The decline of the North American car

As GM files bankruptcy, a look at who’s to blame and what’s next for the U.S. auto industry

In 1955, the movie Rebel Without a Cause came out, starring James Dean and a ’49 Mercury Coupe. Elvis Presley was about to rocket to fame, and to famously buy his mother a pink Cadillac with his windfall. It was the year of the Ford Thunderbird, the ’55 Chevy and the first of the famed Virgil Exner designs at Chrysler, like the Imperial. The act creating the interstate highway system would pass the following year and well-off Americans were migrating to the suburbs. This was “the apex of the golden age of the automobile in America,” says John Heitmann, a historian at the University of Dayton.

“The auto industry and the image of the nation were bound together as one,” says Bruce Pietrykowski, a sociologist at the University of Michigan-Dearborn. “The industry was the major promoter of cultural events, such as symphonic orchestras and popular television shows.” The city of Detroit was buzzing as it built not just cars but a new wealthy American middle class. Owning a car became a “symbol of upward mobility, financially as well as socially.”
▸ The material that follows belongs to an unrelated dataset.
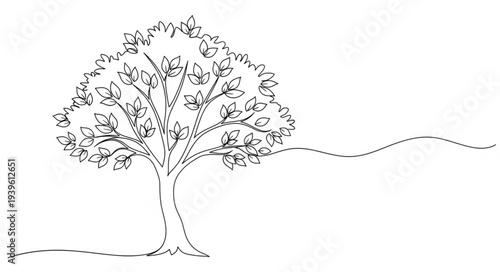 Single Tree Illustration with Branches and Leaves.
One in seven Americans were tied to the industry directly or indirectly. It wasn’t just big, it was the symbol of American industrial superiority. But even in those glory days, the first cracks in the mighty facade began to appear. When a brief but steep recession hit in 1958, car companies panicked at a sudden drop in profitability, Heitmann says. They turned control over to financiers rather than “car guys” and engineers. “Once you get the accountants and bean counters, you lose that passion for automobiles,” he says. The Japanese automakers, on the other hand, tended to reserve top jobs for engineering visionaries—establishing a corporate culture that would pay big dividends in the long run.

There were other warning signs in those early days. Detroit, for instance, “failed to understand the emergence of Volkswagen in the U.S. and the appeal of smaller cars,” says Keller, who has written two books about GM. “It started when they were incredibly rich, incredibly arrogant and incredibly entombed in their own stupidity,” she says. An insular state of mind ruled in Detroit, as pro?t trumped design and quality. By the 1970s, an industry that had always seen itself as the epitome of American know-how found itself dealing with the Ford Pinto, which tragically exploded in some cases when it was rear-ended, and the laughably ugly AMC Gremlin. Observers dubbed it Detroit’s Malaise Era.

When the oil shocks of 1973 and 1979 hit, Detroit was unprepared. It had been dragged kicking and screaming into the small-car market, but even then failed to deliver a product that really fit the times. That period very nearly spelled the end for Chrysler. In 1980 it was staring down certain bankruptcy, and was saved only by a $1.2-billion loan from the U.S. government. Its fortunes reversed when, led by Lee Iacocca, it came out with the boxy but inexpensive and fuel-efficient K-car, matching the key advantages of the latest wave of imports. Then, in 1984, it invented the minivan. Ford, similarly, would soon strike gold with the Taurus sedan, proving that America could still deliver a hot design. But these successes proved to be more reprieves than genuine turnarounds. The door was left open to foreign rivals, and they came through in waves.

Honda set up shop in Marysville, Ohio, in 1982. Not only did it make high-quality cars, it did so without the financial burden imposed by Detroit’s United Auto Workers union. Foreign manufacturers established a new auto industry south of the Ohio River where there was little UAW presence.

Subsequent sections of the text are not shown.